**Extracted material**:
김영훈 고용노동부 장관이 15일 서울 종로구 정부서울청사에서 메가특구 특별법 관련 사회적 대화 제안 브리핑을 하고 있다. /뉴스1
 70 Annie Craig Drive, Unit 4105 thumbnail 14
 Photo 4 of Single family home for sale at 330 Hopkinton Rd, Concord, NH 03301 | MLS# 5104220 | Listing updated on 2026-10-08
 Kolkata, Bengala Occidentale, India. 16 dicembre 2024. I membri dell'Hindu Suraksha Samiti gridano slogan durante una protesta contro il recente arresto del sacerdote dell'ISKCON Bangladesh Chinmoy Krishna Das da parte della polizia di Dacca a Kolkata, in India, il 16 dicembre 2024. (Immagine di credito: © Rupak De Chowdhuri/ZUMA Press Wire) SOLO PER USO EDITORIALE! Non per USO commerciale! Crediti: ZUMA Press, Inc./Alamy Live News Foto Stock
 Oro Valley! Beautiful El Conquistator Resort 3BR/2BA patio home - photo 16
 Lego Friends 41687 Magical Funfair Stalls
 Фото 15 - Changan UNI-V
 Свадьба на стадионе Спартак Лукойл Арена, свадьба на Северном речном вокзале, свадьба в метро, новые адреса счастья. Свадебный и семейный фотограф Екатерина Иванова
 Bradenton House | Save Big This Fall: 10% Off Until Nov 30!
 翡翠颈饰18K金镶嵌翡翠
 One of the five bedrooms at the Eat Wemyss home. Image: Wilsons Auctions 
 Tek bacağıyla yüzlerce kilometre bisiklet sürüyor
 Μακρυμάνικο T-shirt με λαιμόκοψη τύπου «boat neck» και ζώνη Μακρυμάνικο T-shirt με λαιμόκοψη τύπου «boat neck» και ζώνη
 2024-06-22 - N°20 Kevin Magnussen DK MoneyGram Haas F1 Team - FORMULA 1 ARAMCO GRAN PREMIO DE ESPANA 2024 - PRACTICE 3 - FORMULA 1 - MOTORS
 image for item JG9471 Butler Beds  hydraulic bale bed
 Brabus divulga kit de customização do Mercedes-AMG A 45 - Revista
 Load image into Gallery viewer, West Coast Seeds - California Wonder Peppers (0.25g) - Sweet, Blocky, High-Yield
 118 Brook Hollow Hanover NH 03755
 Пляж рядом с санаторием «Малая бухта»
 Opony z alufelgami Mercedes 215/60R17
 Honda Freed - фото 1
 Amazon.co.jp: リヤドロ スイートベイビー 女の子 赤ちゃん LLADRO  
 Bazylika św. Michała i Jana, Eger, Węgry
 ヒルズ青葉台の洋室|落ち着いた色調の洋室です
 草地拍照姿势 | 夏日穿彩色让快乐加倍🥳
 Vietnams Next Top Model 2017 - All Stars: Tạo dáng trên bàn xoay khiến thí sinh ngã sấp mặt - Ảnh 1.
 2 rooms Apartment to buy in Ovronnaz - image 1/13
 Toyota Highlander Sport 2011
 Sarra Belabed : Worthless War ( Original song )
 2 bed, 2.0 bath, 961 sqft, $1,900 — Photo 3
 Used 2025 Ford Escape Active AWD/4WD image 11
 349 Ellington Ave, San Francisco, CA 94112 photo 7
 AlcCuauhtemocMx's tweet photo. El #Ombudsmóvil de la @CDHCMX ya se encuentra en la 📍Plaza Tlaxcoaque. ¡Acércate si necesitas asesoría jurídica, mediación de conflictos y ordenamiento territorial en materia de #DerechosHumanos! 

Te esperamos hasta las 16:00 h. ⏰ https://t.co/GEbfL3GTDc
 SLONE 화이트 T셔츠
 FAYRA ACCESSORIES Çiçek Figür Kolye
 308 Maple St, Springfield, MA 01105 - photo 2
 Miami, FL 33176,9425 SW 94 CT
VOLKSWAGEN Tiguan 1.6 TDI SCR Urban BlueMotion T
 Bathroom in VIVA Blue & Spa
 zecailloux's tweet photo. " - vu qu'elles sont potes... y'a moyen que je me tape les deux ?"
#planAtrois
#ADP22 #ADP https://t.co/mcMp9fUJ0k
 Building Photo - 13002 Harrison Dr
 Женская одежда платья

**Work task**:
From the data above, output only the lines between the line containing "349 Ellington Ave, San" and the line containing "Miami, FL 33176,9425 SW 94 CT", inclusive, exactly as written.

**Solved problem**:
 349 Ellington Ave, San Francisco, CA 94112 photo 7
 AlcCuauhtemocMx's tweet photo. El #Ombudsmóvil de la @CDHCMX ya se encuentra en la 📍Plaza Tlaxcoaque. ¡Acércate si necesitas asesoría jurídica, mediación de conflictos y ordenamiento territorial en materia de #DerechosHumanos! 

Te esperamos hasta las 16:00 h. ⏰ https://t.co/GEbfL3GTDc
 SLONE 화이트 T셔츠
 FAYRA ACCESSORIES Çiçek Figür Kolye
 308 Maple St, Springfield, MA 01105 - photo 2
 Miami, FL 33176,9425 SW 94 CT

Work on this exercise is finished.